I spent my first full day in Berlin today and one thing struck me big time: things are smaller here than they are in America. The portion sizes are smaller, the living quarters are smaller, the coffee and tea cups are smaller, the plates are smaller, the cars are smaller. Everything here seems smaller. This somehow strikes me as better than what we have in America, where bigger is still not enough.

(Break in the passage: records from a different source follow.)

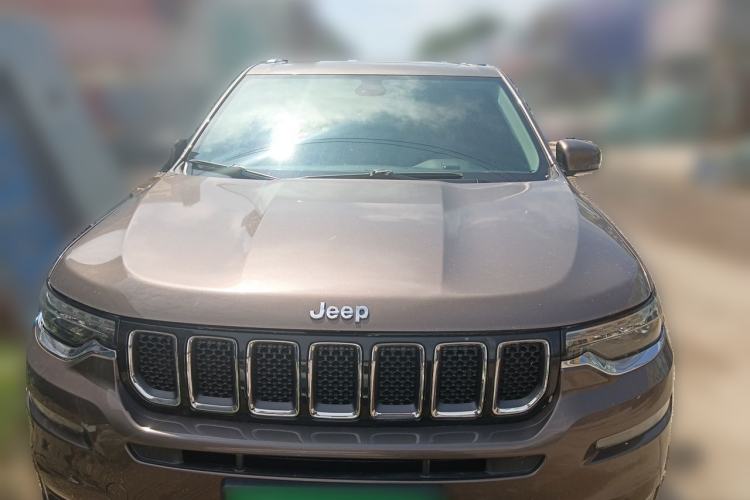 Used Jeep Commander 2018 2.0T Four-Wheel Drive Prestige Edition China V Front
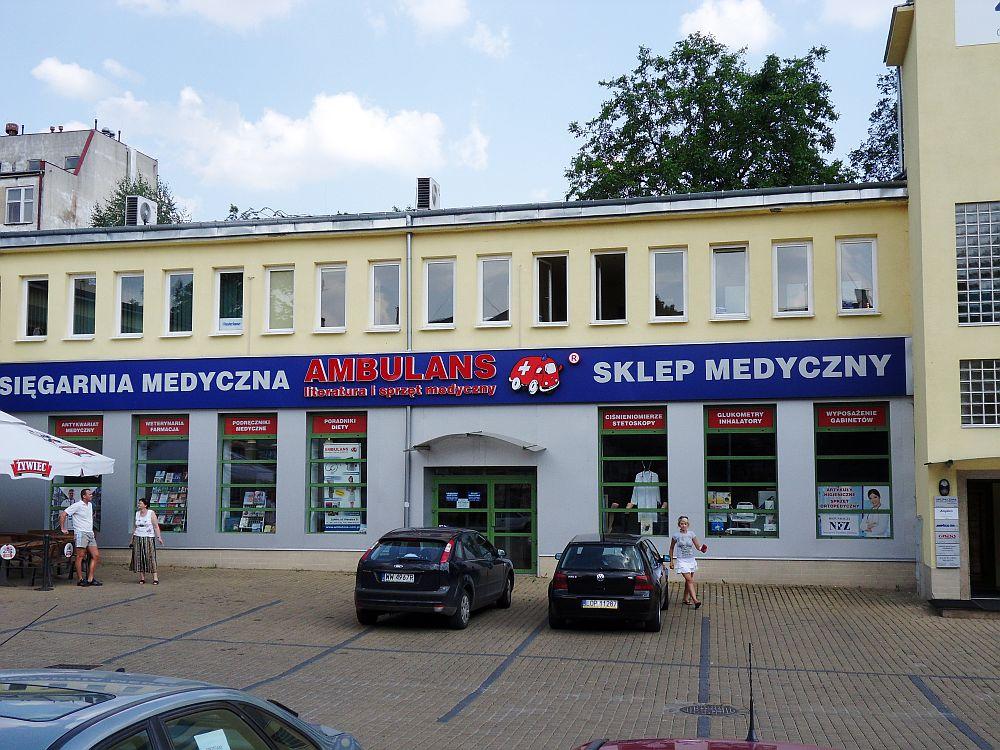 Siedziba Główna firmy AMBULANS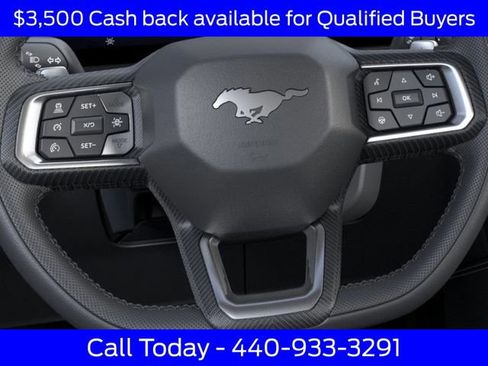 New 2025 Ford Mustang GT Premium w/ 60th Anniversary Package image 13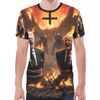 Black Magik The Infidel The Day Of Reckoning All Over Print T-Shirt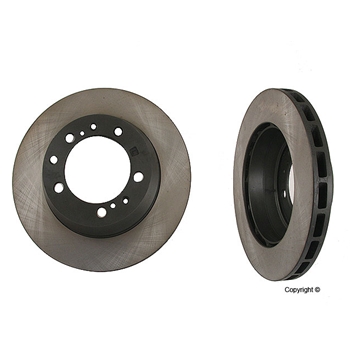 Porsche Disc Brake Rotor - OPparts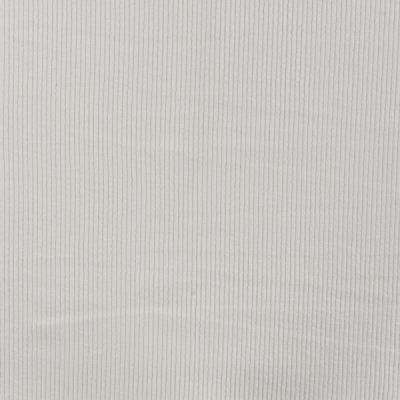 Tissu Velours côtelé lavé uni Ecru - Par 10 cm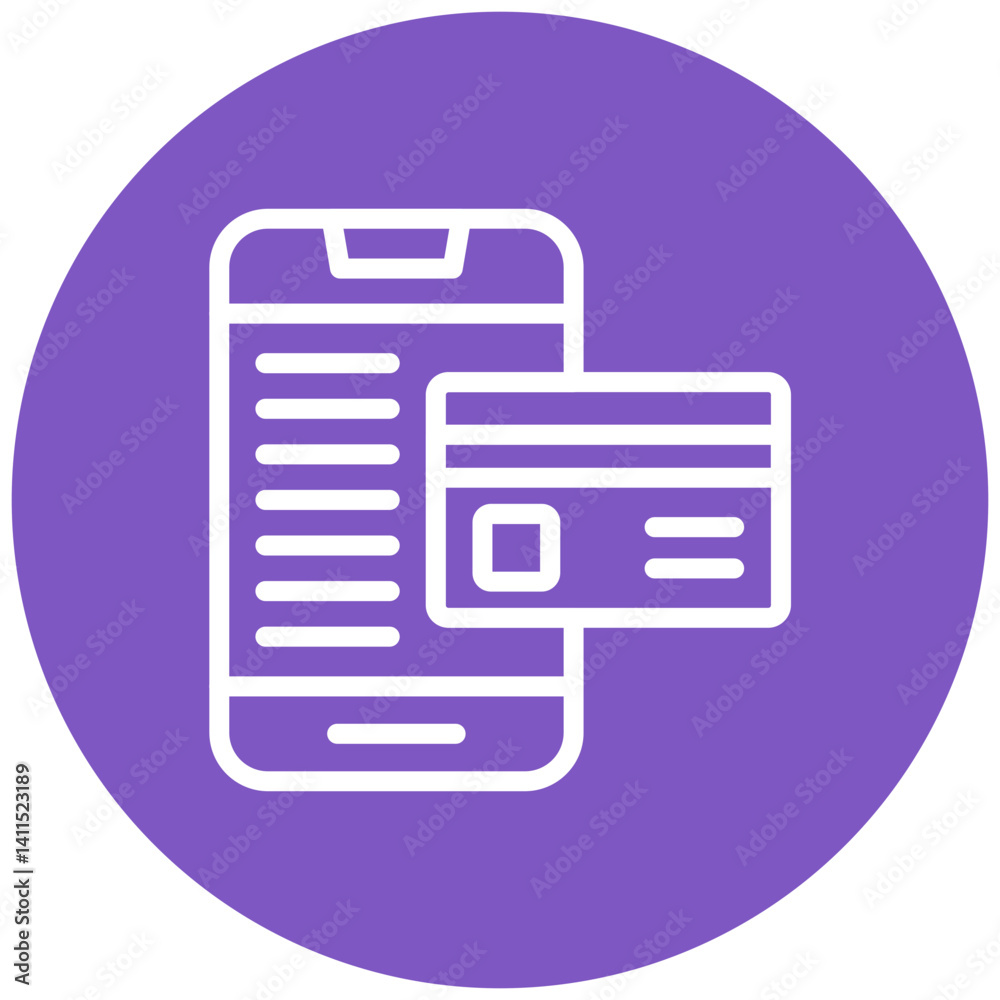 Cashless Payment Icon Cashless Payment Icon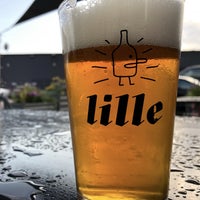 Photo taken at Lille Brauerei &amp;amp; Schankraum by Christian K. on 8/15/2019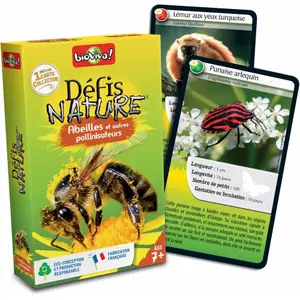 Nature challenges - bees and autres pollinators Bioviva image-1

I’m reminded of Peter Gabriel’s 1986 hit “Big Time”, with the lyrics:

Hi there

I’m on my way, I’m making it
I’ve got to make it show, yeah
So much larger than life
I’m going to watch it growing

The place where I come from is a small town
They think so small
They use small words
But not me
I’m smarter than that
I worked it out
I’ve been stretching my mouth
To let those big words come right out

I’ve had enough, I’m getting out
To the city, the big big city
I’ll be a big noise with all the big boys
There’s so much stuff I will own
And I will pray to a big god
As I kneel in the big church

Big time
I’m on my way-I’m making it
Big time big time
I’ve got to make it show yeah
Big time big time
So much larger than life
Big time
I’m going to watch it growing
Big time

My parties all have big names
And I greet them with the widest smile
Tell them how my life is one big adventure
And always they’re amazed
When I show them round my house, to my bed
I had it made like a mountain range
With a snow-white pillow for my big fat head
And my heaven will be a big heaven
And I will walk through the front door

Big time
I’m on my way-I’m making it
Big time big time
I’ve got to make it show-yeah
Big time big time
So much larger than life
I’m going to watch it growing
Big time big time
My car is getting bigger
Big time
My house is getting bigger
Big time
My eyes are getting bigger
Big time
And my mouth
Big time
My belly is getting bigger
Big time
And my bank account
Big time
Look at my circumstance
Big time
And the bulge in my big big big big big big big

You can see the video and hear the song here:

Big houses. Big cars. Big heads. Big everything. Yes, America is the land of the big everything. Oddly enough, I actually performed this song at a talent show in college:

That’s me performing “Big Time” with Jennifer Dickinson Skaggs. Her face cracks me up!

I don’t recall why I picked that particular song at the time; I guess it was easier to bring to the stage than “Sledgehammer”, off the same Peter Gabriel “So” album.

In America, we have everything we want. Here, it seems they have everything they need. Life seems a lot simpler. Granted, I’ve only been here one day, but at first glance it seems that Europeans seem to focus on the quality of life vs the quantity of life. There is less stuff but more things of substance. There seems to be less technology as well. I went on a long walk just after lunch and observed hundreds of people walking, talking, and biking. Hardly anyone was on their phone. And I certainly didn’t see tons of people walking down the street glaring at their phones and ignoring everyone and everything else. Quite the opposite. People were polite and engaged.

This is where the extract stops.